Quigley v. United States
Decision Date | 22 March 2012 |
Docket Number | Civil Action No. DKC 11-3223 |
Parties | LYNNE C. QUIGLEY, et al. v. UNITED STATES OF AMERICA, et al. |
Court | U.S. District Court — District of Maryland |
Presently pending and ready for review in this consolidated tort action are three motions to dismiss filed by Defendant Washington Suburban Sanitary Commission ("WSSC"). (ECF Nos. 13, 22, 27). The issues have been briefed, and the court now rules, no hearing being necessary. Local Rule 105.6. For the following reasons, the motions to dismiss will be granted in part and denied in part.

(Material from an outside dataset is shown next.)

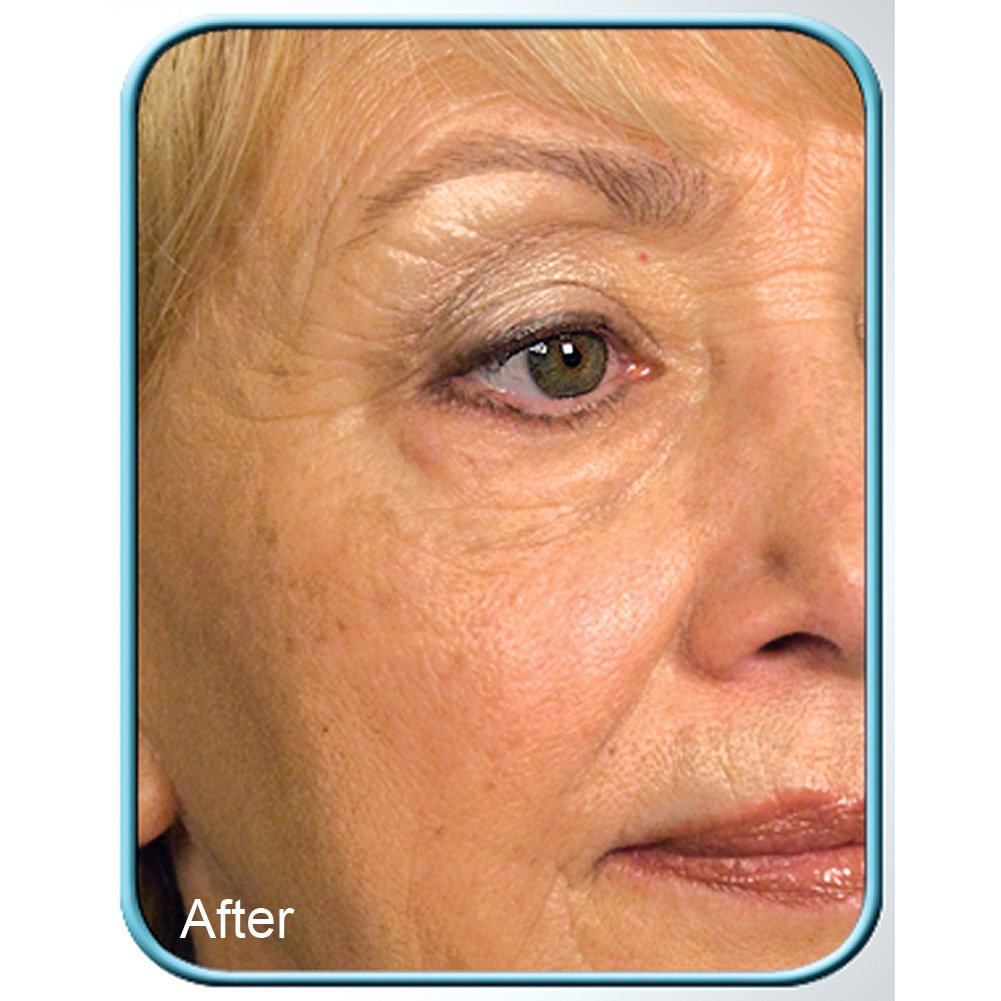 Biologic Stem Cell Therapy (Set of 4 Jars) for Deep Wrinkles - by BioLogic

Three cases are consolidated in this action: Quigley v. United States, No. DKC 11-3223; Ochoa v. United States, No. DKC 11-3224; and Barbosa v. United States, No. DKC 11-3225. The allegations contained in the complaints for the three cases are largely identical and describe the same accident. (See ECF Nos. 1, 21, 26). The following allegations are taken from the original complaint filed by Plaintiffs Lynne C. Quigley, MilesC. Quigley, and the estate of Joseph Quigley (ECF No. 1), unless otherwise indicated.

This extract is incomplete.